Things I don’t believe in #6 – All powerful expatriate leadership

This is the first thing – expats don’t stay forever. In two or three or four years, the expat will leave. If your whole program depends on her, or the staff believes that it does, things will go to pieces when she leaves. This is the second thing – it’s disempowering. You don’t want your staff, or your stakeholders, to believe change only comes from outsiders. You want people to find their own power and their own capacity to influence their lives and communities. You don’t want them to sit around waiting and starving for the Dutch to come back and rebuild the irrigation canals.

This is the third thing. You want your staff invested in the process. You want everyone involved to know your select your pilot schools because they meet the qualifications for your program. You don’t want them thinking the schools were selected because Mr. Thomas feels really bad for the villages, or worse yet, because he thought the teachers were pretty. You want people to know you’ve got a system and your apply it fairly.

This is the fourth thing. Country Directors who allow themselves to be seen as having and exerting that kind of power end up isolated. Staff members won’t be comfortable being part of a collaborative decision-making process. They won’t offer opinions on how to make things better, and they won’t go to the CD if they identify a problem.

Good programs come from good teams, not from little gods and their adoring worshippers.

Things I believe in #13: Giving your team hats and t-shirts

When I sat down to expand on this, I realized what I really meant was – make your staff into a team. Treat them as competent professionals working together for a common goal. Giving them swag is one way to do that; putting everyone in the same t-shirt makes them look physically like equals. It makes them feel commonality with headquarters, and with the other offices in the country and around the world.

Every single paid staff member and volunteer should know where your organization is based, who funds it, and the general outline of its national programs. Paid staff members should know more. They should know the basic details of all your country projects, not just the ones they work for. If you have behavior change messages, every single employee should know them. This includes your drivers, your cleaners, your gardeners, and your tea lady (and if your behavior change messages are too complex for the tea lady, you’ve got problems).

Your people should know what it means to work for you, and they should be proud of it. They should know your general country budget, and your global budget. They should know where the money comes from – DFID, USAID, private donors, or whoever. They should know your organization’s global mission.

Now you’re wondering, why bother with this level of staff integration? Because everybody wins when you make your staff into a team. A high-functioning team generates a synergy of local and expat knowledge that takes your projects to a new level. Your organization benefits by running more effective, more efficient programs. Your host country benefits because the quality of your work is better.

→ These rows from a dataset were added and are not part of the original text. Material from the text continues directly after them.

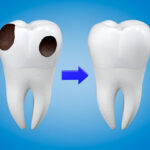 How to Get Food Out of a Wisdom Tooth Hole: Expert Tips for Effective Cleaning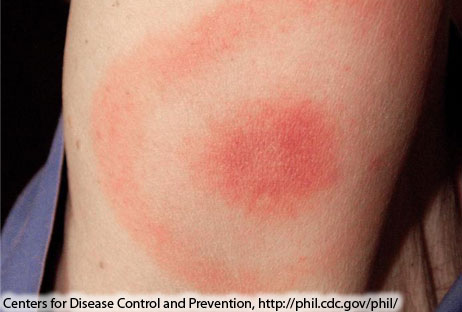 Photo-Lyme Disease Bullseye Rash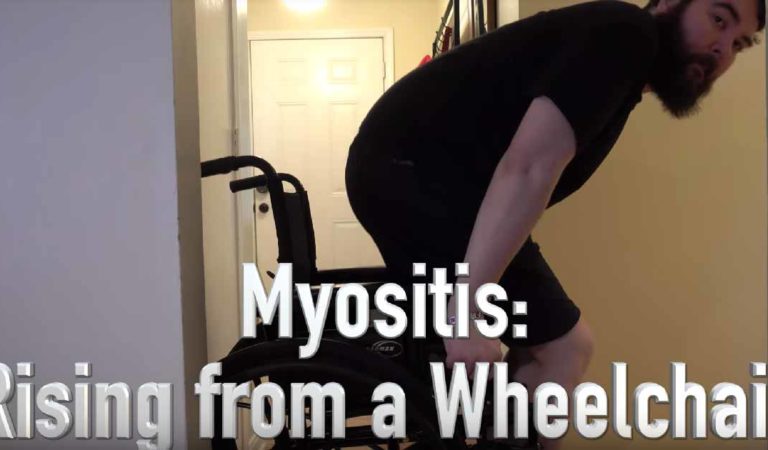 Getting Up from a Wheelchair with Myositis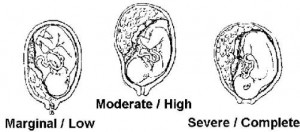 Figure 1-6. Types of abruptio placentae.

It takes more than a weekly staff meeting to make this kind of team effort happen. Personally, I like posters and diagrams in common areas explaining program components. I like using your whole team as your first focus group for behavior change materials. I like having your country director give periodic updates on budgets and progress toward program goals. I like giving your team free lunches and doing presentations on different program components. I like having people from different teams share drivers and office space.